Das wird dazu führen, dass Menschen, die nach Europa geflohen sind, ohne Prüfung ihrer tatsächlichen Fluchtgründe in diese Länder abgeschoben werden. Mit der Reform kann die Blaupause des EU-Türkei- Deals einfacher auf weitere Drittstaaten übertragen werden, obwohl gerade dieser Deal zu immensem Leid und Menschenrechtsverletzungen geführt hat. In Griechenland gilt die Türkei auf Grundlage des Deals unter anderem für syrische und afghanische Flüchtlinge als „sicher“, ihre Asylverfahren werden deswegen als „unzulässig“ abgelehnt – nach den Gründen, warum sie ihr Herkunftsland verlassen haben, werden sie nicht mehr gefragt.

Auch auf die besonders toxische Krisenverordnung wurde sich von den Gesetzgebern geeinigt (mehr Informationen hier). Hier lagen Mitgliedstaaten und Europaparlament besonders weit auseinander – doch erneut setzten sich primär die Mitgliedstaaten durch. Damit können im Fall von Krisen und „Instrumentalisierung von Migrant*innen“ die Grenzverfahren massiv ausgeweitet werden – sowohl was die Dauer der Verfahren angeht als auch wer alles in den Grenzverfahren sein/ihr Asylverfahren durchlaufen muss. Bislang hatte das Europaparlament das Konzept der „Instrumentalisierung“ noch nicht akzeptiert, auch weil erhebliche Grundrechtsbedenken damit einhergehen. Doch auch dies findet sich nun in der Einigung wieder und schafft damit die Basis für zukünftige Ausnahmezustände an den Außengrenzen, in denen es zu Menschenrechtsverletzungen wie brutalen Pushbacks kommen wird.
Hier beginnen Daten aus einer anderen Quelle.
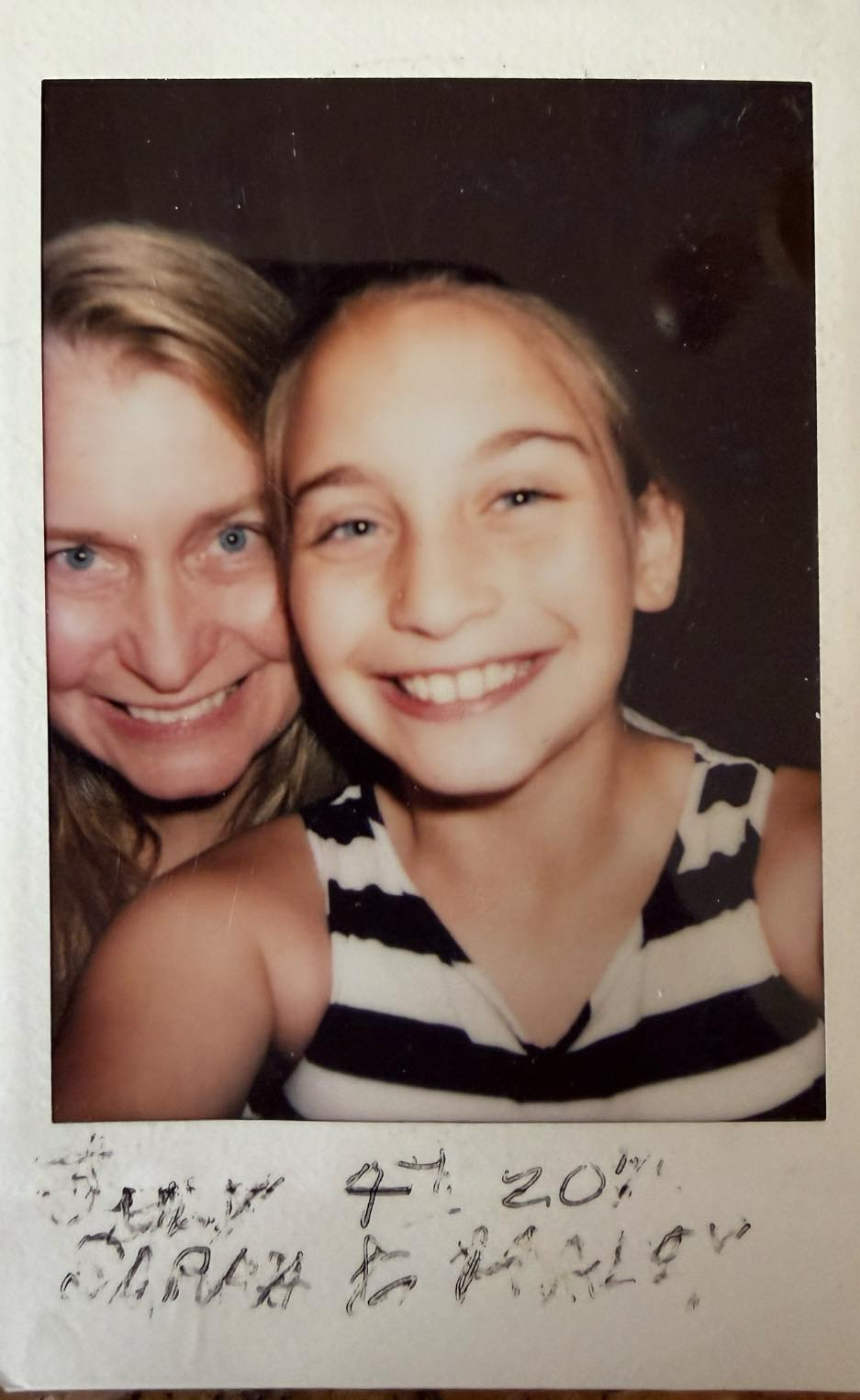 a polaroid of a mother and daughter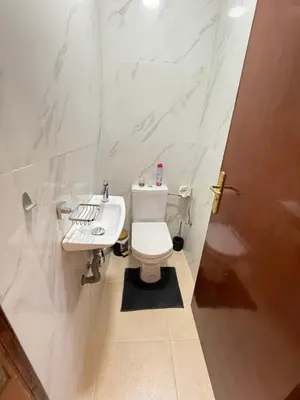 a white bathroom with a toilet and a sink at Appartement La Palmeraie Marrakech in Marrakech
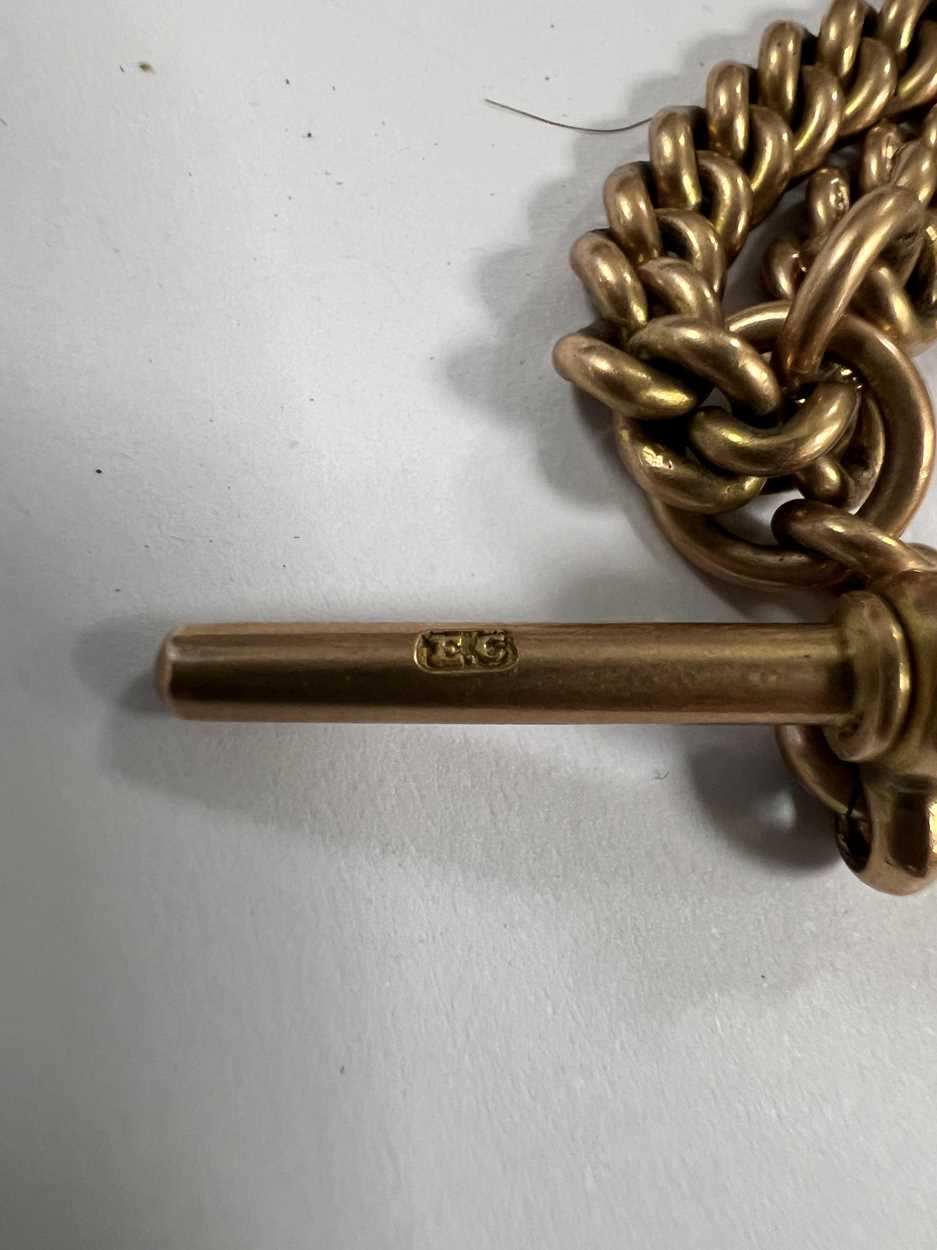 An early 20th century 9ct gold 'Albert' watch chain with attachment, - Image 5 of 9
Die bisherige Dublin-III-Verordnung, die festlegt, welcher Mitgliedstaat für ein Asylverfahren zuständig ist, wird durch die Verordnung für ein Asyl- und Migrationsmanagement ersetzt. Doch vieles wird beim alten bleiben, Grundprobleme des europäischen Asylsystems werden nicht gelöst. Denn weiterhin sind es die Außengrenzstaaten, die primär für die Durchführung der Asyl(grenz)verfahren zuständig sind. Beim EU-Parlament gab es zumindest den Ansatz, durch einen starken Solidaritätsmechanismus einen gewissen Neuanfang zu wagen. Doch die Mitgliedstaaten haben sich auch hier durchgesetzt. Ergebnis ist, dass die Aufnahme von Schutzsuchenden als Solidaritätsmaßnahme gleichgestellt wird mit Geldzahlungen oder Projekten in Drittstaaten, die der Fluchtverhinderung dienen. Es ist zu erwarten, dass das ganze System sogar noch bürokratischer wird als die aktuellen Dublin-Regeln.